Sugarcane price arrears to cross Rs.262 billion in 2017-18 sugar year

To be highest ever

Sugarcane price arrears are expected to rocket from Rs.32.72 billion as on 1 October 2017 to Rs.262 billion by the end of the current sugar year. They had risen from Rs.7.6 billion as on 1 October 2016 to Rs.32.72 billion as on 1 October 2017.

Sugarcane arrears topped Rs.182.9 billion as on 15 March 2018, according to the Directorate of Sugar of the central government. The sugar mills association has claimed that sugarcane price arrears as on 30 April 2018 are over Rs.210 billion. The arrears are expected to rise further by the end of the season and cross Rs.260 billion as sugar prices are expected to remain weak.

Sugarcane arrears at the end of the current sugar season will be the highest unpaid dues the industry has ever reported in the past.

Sugar mills are unable to make payment to farmers on time for the cane purchased as sugar prices have fallen below their cost of production. While the cost of producing sugar is around Rs.35 per kg, as per the Indian Sugar Mills Association (ISMA), sugar is currently being sold at Rs.26 per kg in the domestic wholesale market. As a result, mills are suffering a loss of Rs.9 per kg on sale of sugar.

There is a huge gap between the cane prices to be paid by the sugar mills as per the Fixed and Remunerative prices (FRP) and the prices the mills can afford to pay at the prevailing rate of sugar price. As per the FRP fixed by the Centre, mills are required to pay Rs.255 per quintal on cane purchased. The mills, however, can only pay Rs.237 per quintal.

This is because, for every one quintal (100 kg) of cane crushed, mills produced roughly 10.7 kg sugar. The current market price of sugar is Rs.26 per kg. We believe that sugar will average Rs.29.5 per kg for the year as a whole. At this average price and with a 10.7 per cent recovery rate, mills can pay a maximum of Rs.237 per quintal. This does not even cover the FRP.

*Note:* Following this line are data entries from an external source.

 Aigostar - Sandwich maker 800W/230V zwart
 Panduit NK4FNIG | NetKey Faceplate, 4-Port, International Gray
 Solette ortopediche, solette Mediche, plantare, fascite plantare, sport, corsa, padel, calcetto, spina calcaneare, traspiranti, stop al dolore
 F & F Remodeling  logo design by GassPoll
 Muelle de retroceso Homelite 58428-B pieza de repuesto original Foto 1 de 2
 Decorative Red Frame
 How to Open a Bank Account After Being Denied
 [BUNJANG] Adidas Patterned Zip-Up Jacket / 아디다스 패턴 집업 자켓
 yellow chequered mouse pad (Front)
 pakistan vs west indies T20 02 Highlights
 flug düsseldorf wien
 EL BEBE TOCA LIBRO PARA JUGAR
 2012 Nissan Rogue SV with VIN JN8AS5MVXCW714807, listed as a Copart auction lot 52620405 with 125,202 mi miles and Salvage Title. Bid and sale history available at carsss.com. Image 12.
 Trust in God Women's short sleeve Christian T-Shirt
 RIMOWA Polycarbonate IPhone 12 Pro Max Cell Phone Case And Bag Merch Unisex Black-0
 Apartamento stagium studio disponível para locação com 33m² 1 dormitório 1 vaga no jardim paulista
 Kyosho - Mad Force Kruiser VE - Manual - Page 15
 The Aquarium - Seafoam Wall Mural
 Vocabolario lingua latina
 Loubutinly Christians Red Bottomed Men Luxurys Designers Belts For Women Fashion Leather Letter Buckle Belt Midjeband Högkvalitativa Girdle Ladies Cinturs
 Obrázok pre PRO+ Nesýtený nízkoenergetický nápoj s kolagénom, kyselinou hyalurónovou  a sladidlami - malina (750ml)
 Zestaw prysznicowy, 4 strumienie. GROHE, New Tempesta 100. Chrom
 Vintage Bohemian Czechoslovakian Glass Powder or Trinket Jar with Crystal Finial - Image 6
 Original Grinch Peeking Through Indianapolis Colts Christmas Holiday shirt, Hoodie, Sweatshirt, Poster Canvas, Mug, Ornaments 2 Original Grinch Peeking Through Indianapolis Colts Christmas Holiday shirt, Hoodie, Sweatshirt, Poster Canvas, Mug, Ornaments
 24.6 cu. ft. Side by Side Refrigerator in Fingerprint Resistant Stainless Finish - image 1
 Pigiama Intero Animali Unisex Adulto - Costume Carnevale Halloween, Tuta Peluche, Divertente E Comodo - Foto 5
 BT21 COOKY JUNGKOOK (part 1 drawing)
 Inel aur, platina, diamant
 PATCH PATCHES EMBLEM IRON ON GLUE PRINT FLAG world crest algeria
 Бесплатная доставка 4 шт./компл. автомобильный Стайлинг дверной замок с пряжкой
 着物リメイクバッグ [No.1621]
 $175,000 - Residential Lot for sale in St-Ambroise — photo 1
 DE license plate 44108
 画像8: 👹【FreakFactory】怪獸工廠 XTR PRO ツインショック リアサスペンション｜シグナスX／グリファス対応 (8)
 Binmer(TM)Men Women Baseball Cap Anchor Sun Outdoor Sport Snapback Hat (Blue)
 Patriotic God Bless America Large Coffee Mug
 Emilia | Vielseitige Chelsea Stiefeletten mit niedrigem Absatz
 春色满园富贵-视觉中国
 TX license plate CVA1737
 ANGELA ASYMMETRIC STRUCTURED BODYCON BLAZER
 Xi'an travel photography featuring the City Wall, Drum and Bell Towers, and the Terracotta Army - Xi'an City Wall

The gap for sugar mills in UP is even higher as the State Advised Price (SAP) is much higher than even the FRP at around Rs.315-325 per quintal. UP is also the largest sugar producing state in India and consequently accounts for nearly half of the cane arrears.

With the wholesale market price averaging at Rs.29.5 per kg, the mill gate price would average Rs.27 per kg. This would result in an underrecovery of Rs.256 billion. The Rs.5.5 per quintal cane subsidy by the central government would reduce this by a maximum of Rs.17.6 billion. Consequently, sugar mills are likely to pile up arrears to the extent of Rs.238 billion by the end of the current sugar season. Add to that arrears of the previous two sugar seasons amounting to Rs.24 billion. The total arrears of the industry is expected to touch Rs.262 billion by September 2018.